Clinton campaign worries over tight race, while Bernie backers say ‘Get your sh*t together’

Hillary Clinton has failed to open up a lead on Donald Trump similar to the one Bernie Sanders had before the convention. © Mary Schwalm
The isolated, some say “tone deaf,” world inside the Hillary Clinton campaign is now worried by its inability to open up a wide lead on Republican presidential candidate Donald Trump in the polls.

Her team thought taking on a billionaire businessman/reality TV star with zero political experience and a penchant for making controversial statements should have been a slam dunk, but the Democratic nominee is now up just 2.1 percent, based on the latest RealClearPolitics average.

A Washington Post piece published late on Friday night titled, “Democrats wonder and worry: Why isn’t Clinton far ahead of Trump?” says it’s the hottest question in 'Hillaryland' as election day creeps closer.

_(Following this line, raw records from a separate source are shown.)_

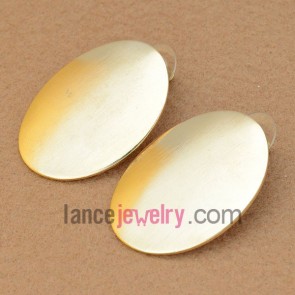 Cute stud earrings decorated zinc alloy with circle model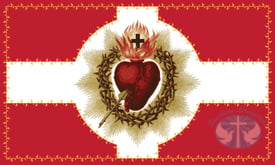 June- The Most Sacred Heart of Jesus Flag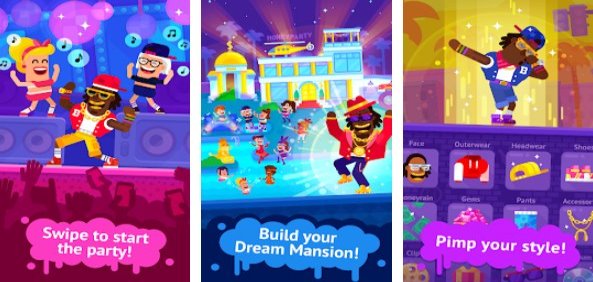 Gameplay screenshot from partymasters fun idle game for Android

The Beltway paper, now owned by Amazon founder and Trump critic Jeff Bezos, blamed her inability to relate to voters the way her main opponent does as one of the issues.

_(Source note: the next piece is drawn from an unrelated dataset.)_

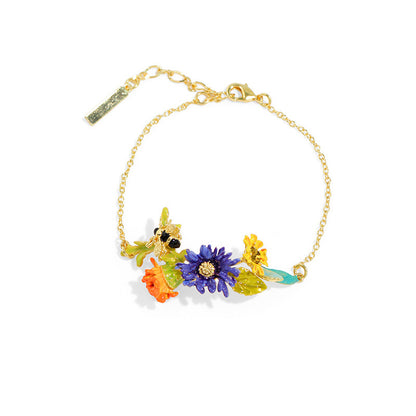 Flower and Bee Fine Jewelry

It doesn’t help that her unpopularity rating is now on par with Trump’s, making them the “two most unpopular presidential candidates in polling dating back more than 30 years,” as reported by ABC News.

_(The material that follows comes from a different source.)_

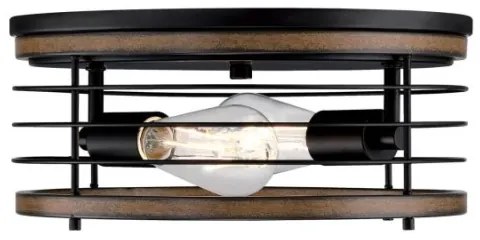 Westinghouse 61250 - Plafoniera ACKTON 2xE27/60W/230V barnwood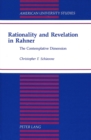Image for Rationality and Revelation in Rahner : The Contemplative Dimension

Her attacks on the alt-right candidate and her campaign’s anti-Russian rhetoric don’t appear to be working, prompting Democratic party elders to express doubts.

“Generally, I’m concerned, frankly,” former Democratic Senate leader Tom Daschle told the Post. “It still looks positive, and I think if you look at the swing states and where she is right now, she’s got a lead. But it’s certainly not in the bag. We have two months to go, and I think it’s going to be a competitive race all the way through. I would say she’s got at least a 60 percent chance of winning.”

Insiders believe Clinton needs to counter Trump’s “man of the people” popularity with some genuine opening up that doesn’t feel 'hot sauce in my purse' false.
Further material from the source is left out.